The Bucherer reaction in organic chemistry is the reversible conversion of a naphthol to a naphthylamine in the presence of ammonia and sodium bisulfite.  The reaction is widely used in the synthesis of dye precursors aminonaphthalenesulfonic acids.

C10H7-2-OH  +  NH3      C10H7-2-NH2  +  H2O

The French chemist Robert Lepetit was the first to discover the reaction in 1898.  The German chemist Hans Theodor Bucherer (1869–1949) discovered (independent from Lepetit) its reversibility and its potential especially in industrial chemistry. Bucherer published his results in 1904 and his name is connected to this reaction. The organic reaction also goes by the name Bucherer-Lepetit reaction or (wrongly) the Bucherer-Le Petit reaction.

The reaction is used to convert 1,7-dihydroxynaphthalene into 7-amino-1-naphthol and 1-aminonaphthalene-4-sulfonic acid into 1-hydroxynaphthalene-4-sulfonic acid. It is also useful for transamination reactions of 2-aminonaphthalenes.

Mechanism
In the first step of the reaction mechanism a proton adds to a carbon atom with high electron density therefore by preference to C2 or C4 of naphthol (1). This leads to resonance stabilized adducts 1a-1e.

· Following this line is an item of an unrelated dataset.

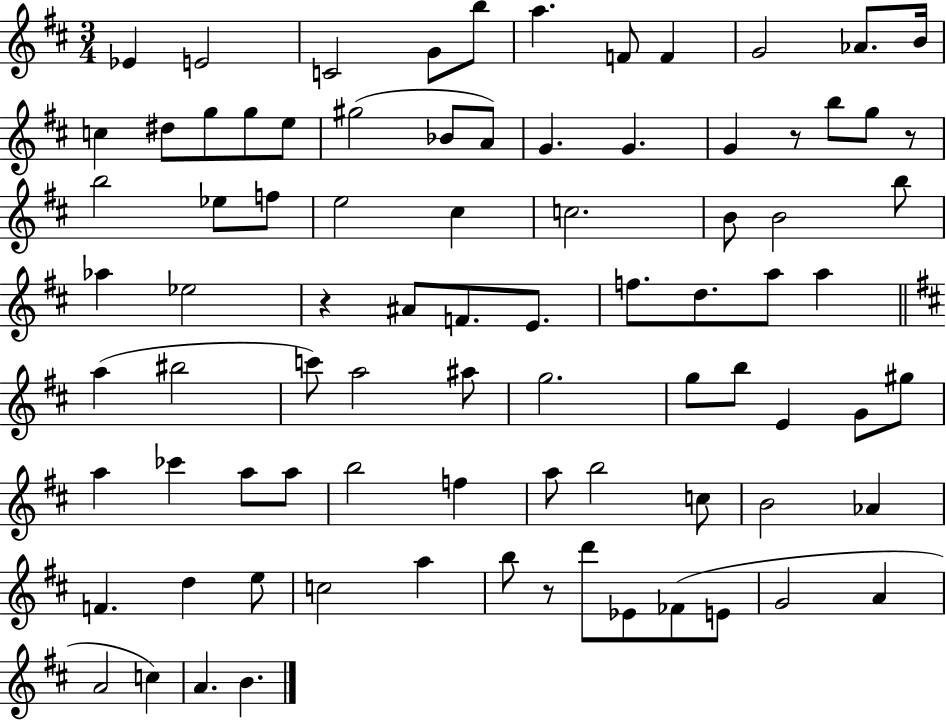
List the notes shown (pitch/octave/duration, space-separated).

Eb4/q E4/h C4/h G4/e B5/e A5/q. F4/e F4/q G4/h Ab4/e. B4/s C5/q D#5/e G5/e G5/e E5/e G#5/h Bb4/e A4/e G4/q. G4/q. G4/q R/e B5/e G5/e R/e B5/h Eb5/e F5/e E5/h C#5/q C5/h. B4/e B4/h B5/e Ab5/q Eb5/h R/q A#4/e F4/e. E4/e. F5/e. D5/e. A5/e A5/q A5/q BIS5/h C6/e A5/h A#5/e G5/h. G5/e B5/e E4/q G4/e G#5/e A5/q CES6/q A5/e A5/e B5/h F5/q A5/e B5/h C5/e B4/h Ab4/q F4/q. D5/q E5/e C5/h A5/q B5/e R/e D6/e Eb4/e FES4/e E4/e G4/h A4/q A4/h C5/q A4/q. B4/q.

De-aromatization of the first ring of the naphthalene system occurs at the expense of 25 kcal/mol. In the next step a bisulfite anion adds to C3 through 1e. This results in the formation of 3a which tautomerizes to the more stable 3b to the sulfonic acid of tetralone. A nucleophilic addition follows of the amine with formation of 4a and its tautomer 4b loses water to form the resonance stabilized cation 5a. This compound is deprotonated to the imine 5b or the enamine 5c but an equilibrium exists between both species. The enamine eliminates sodium bisulfite with formation of naphthylamine 6.

It is important to stress that this is a reversible reaction. The reaction is summarized as follows:

The Bucherer carbazole synthesis is a related reaction.